We all chose a spot to eat, except Aron of course, he prefers to roam around the room and visit with everyone. Tom sat cross-legged on the bed farthest from the door with Ray stealing his fries whenever he got the chance, I leaned on the windowsill and quietly munched on the fake meat that Millie’s Chow had to offer, and Drew sat at the table in the corner eating a salad, of the caesar variety just in case you haven’t noticed the pattern, feeding some to Aron between the kid’s excited babble about ocean creatures and his nuggets. I looked out the window and down at the large body of water that was just a few hundred yards away. I could even spot the pier we were going to later for dinner. I felt a smile creep onto my features as I absentmindedly ate the burger and listened to Aron’s constant rambling.

Today might be a bit better than I thought it’d be.

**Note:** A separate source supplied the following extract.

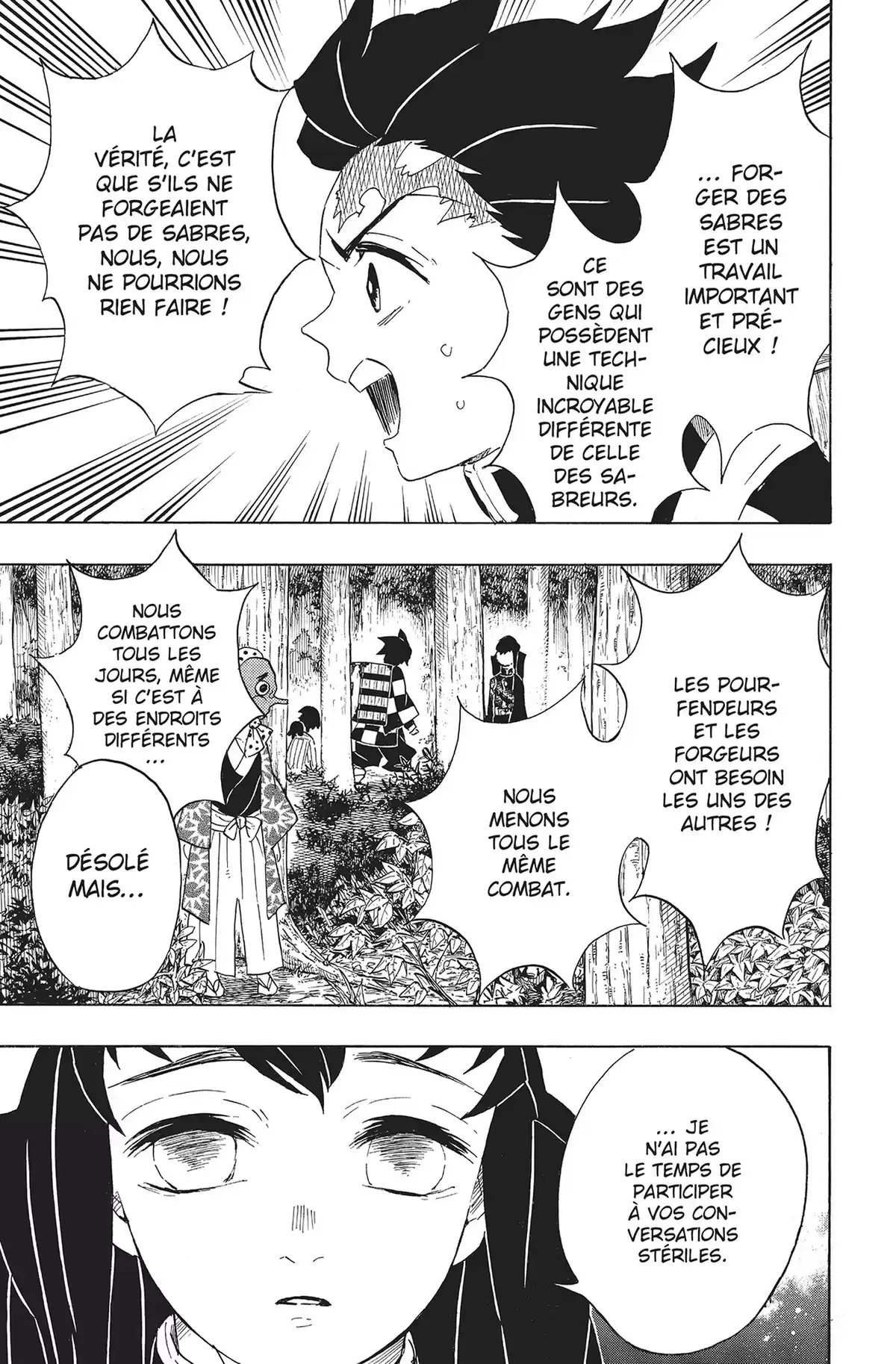 Demon Slayer Volume 12 page 100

    Things are really looking good.

    I’d just given Aron the surprise that we were going to an aquarium today, and then we’d stay the night and spend another day at the beach tomorrow. Man, I just might have to thank Ray for being a video-w***e and feeling the need to film Aron’s reaction when we told him. You’d think we told him we were going to Disneyland. His face fell in confusion as he took a second to add up everything I’d told him, then his eyes lit up and he said “No.” It was around this time that the bouncing started and his voice raised an octave. He gave me a chance to back out, to take it back and just head for home, but I told him again “We’re really going, Pumpkin.” and then the screaming started. He leapt into my arms and I might have lost hearing in my right ear for a few hours, but it was worth it. Now we’re off to the East Coast Aquarium. Tom rode with Ray so they could get there early and talk to a friend of Ray’s and set up some special tour for my son (Honestly I just learned about that part. I thought we were just gonna go look at some fish and try to keep Aron from jumping in) while I drove with Drew and Aron.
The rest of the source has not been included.